For months and in some cases years, Roseville homeless have called the Gathering Inn shelter their home. But now the storage bins are empty, the halls are quiet and the lights are out.
"If this place wasn't here when we became homeless, I can guarantee I'd be either dead or in jail," Tom Hart said at the shelter Monday.
It was just three years ago that Tom says he drank himself and his family into homelessness.
Fighting daily for one of the 60 openings at the Gathering Inn and shoving their clothes, toys and other keepsakes into bins, he says life barely seemed worth living for.
"We were here for about nine months. I looked for work the whole time. It's real hard to find work when you don't have an address or a place to take a shower in the morning"
But the shelter offered just that - showers, Internet access, alcohol programs and job placement - offering Tom a second chance to sober up and get his family a home.
"I've started my own business as a handyman," he said. "Next month I'm going for my contractor's license."
But now, others won't have that chance here. The shelter started the year in debt and drops in donations left it with just one option.

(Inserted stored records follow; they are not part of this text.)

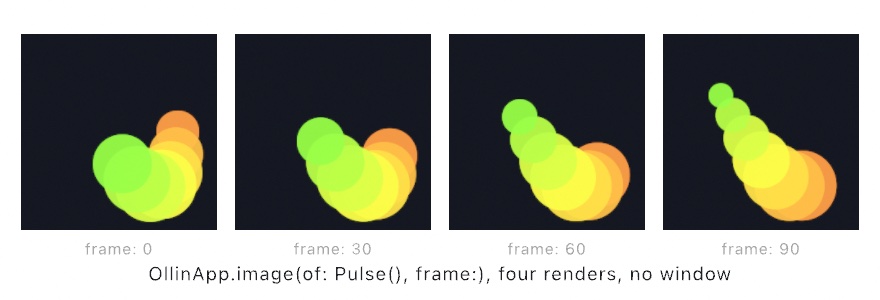 Four dark square tiles in a row, each showing the same cluster of green-to-orange circles in a different arrangement, labeled frame 0, frame 30, frame 60, and frame 90, above the caption OllinApp.image(of: Pulse(), frame:), four renders, no window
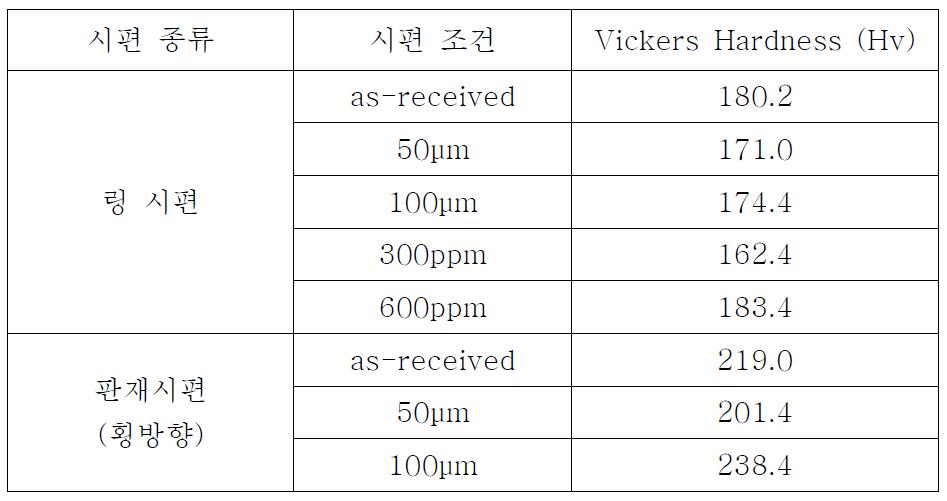 하나로 1차 조사시편 경도시험결과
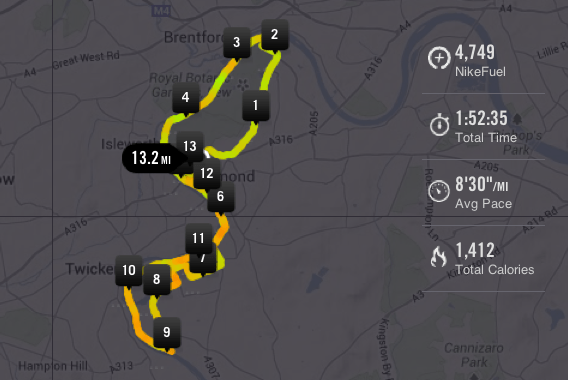 Richmond Half Marathon route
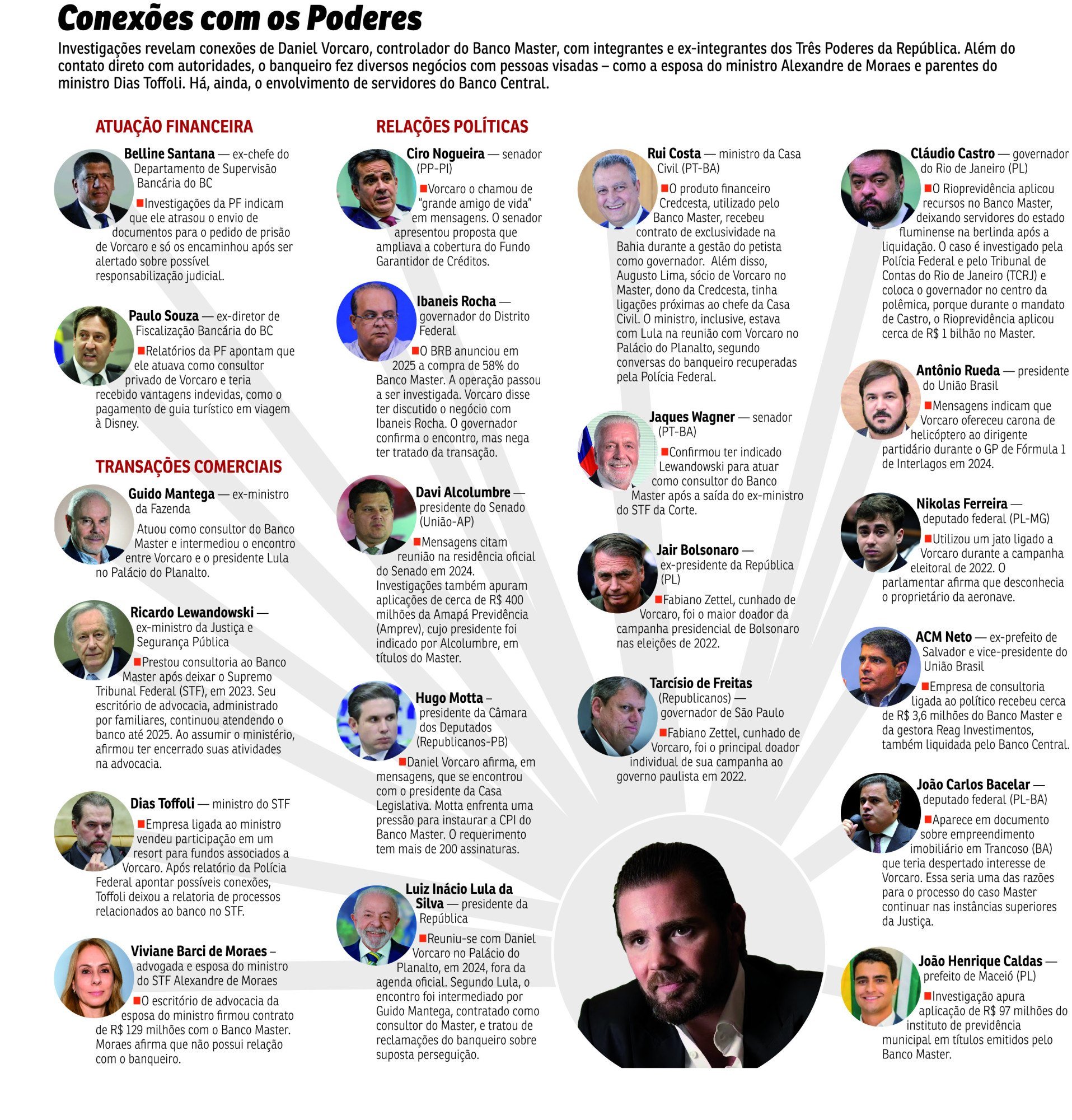 POL-Conexoes Vorcaro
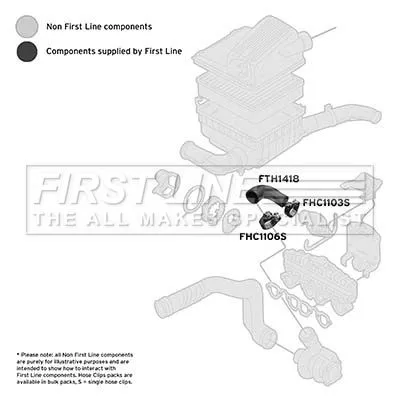 FIRST LINE FIRST LINE (FTH1418) Charge Air Hose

"We started the year with an $80,000 deficit," Executive Director Suzi DeFosset said. "We weren't able to shrink it to zero."
That leaves folks like Jamie Holt-Spencer, who is eight months pregnant, guessing where she's going to spend her next night.
"It's the not knowing of what's going to happen after the month is over … if we're going to be out on the street with our newborn or what," she said.
The Gathering Inn needs about $150,000 to reopen its doors.